ASSIGNED TASK:
Everything in the listing should be set down exactly, apart from the pictures.

+++ DATASET SECTION +++

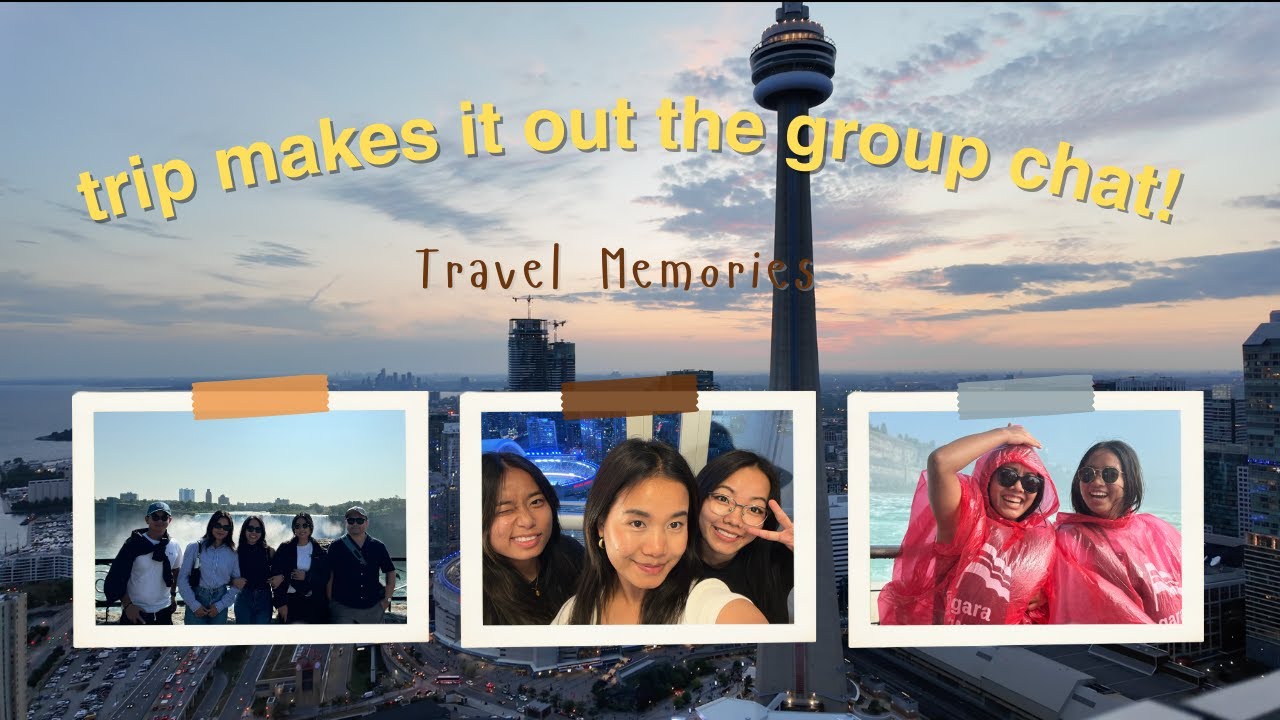 Travel Vlog | Toronto | Niagara Falls  🏙️🌊✨ - Nitha Sung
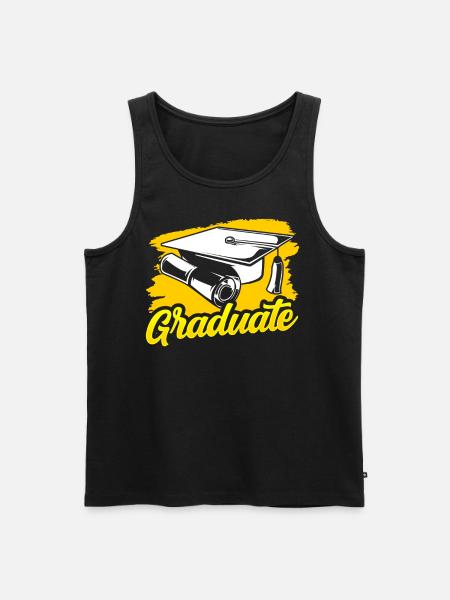 Graduate Graduate Graduate Festival - Men's Premium Organic Tank Top - black
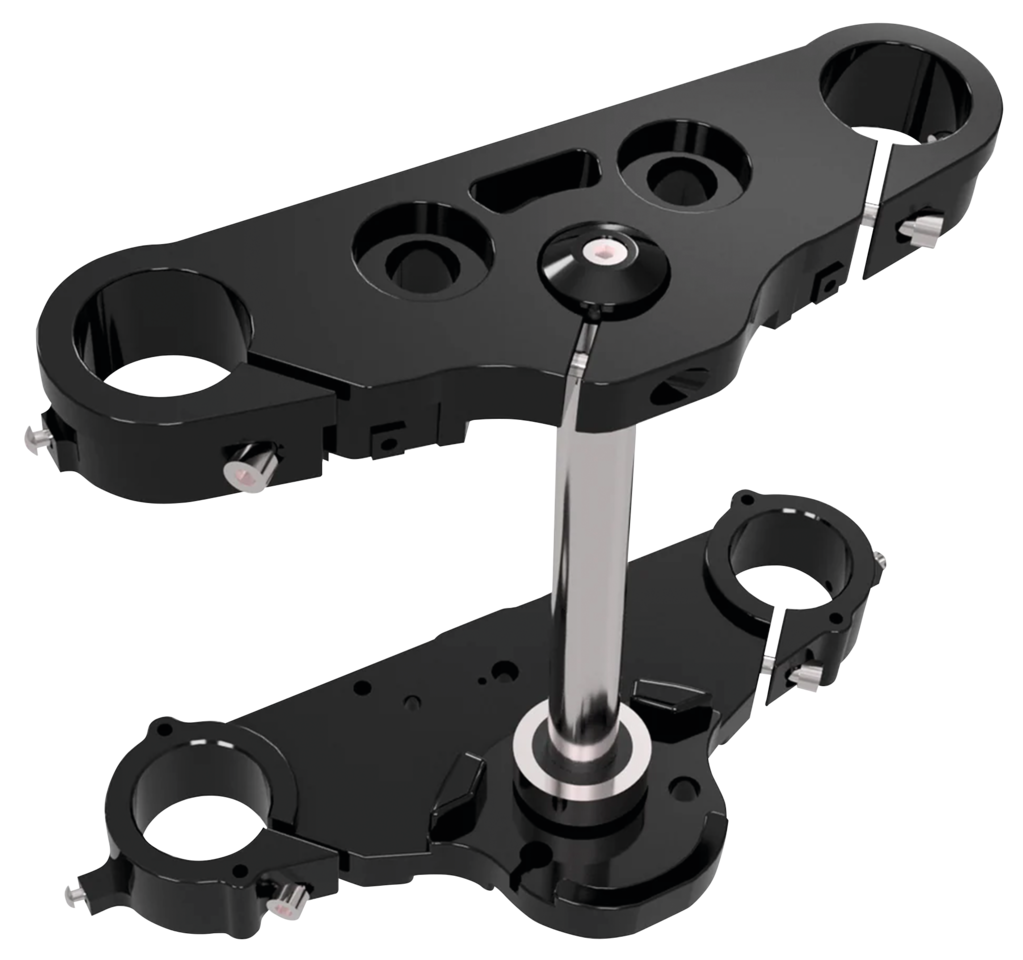 Tommy & Sons El Cabron Milwaukee Eight Softail Triple Trees for 23" Wheels – Front Forks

+++

YOUR RESPONSE:
 Travel Vlog | Toronto | Niagara Falls  🏙️🌊✨ - Nitha Sung
 Graduate Graduate Graduate Festival - Men's Premium Organic Tank Top - black
 Tommy & Sons El Cabron Milwaukee Eight Softail Triple Trees for 23" Wheels – Front Forks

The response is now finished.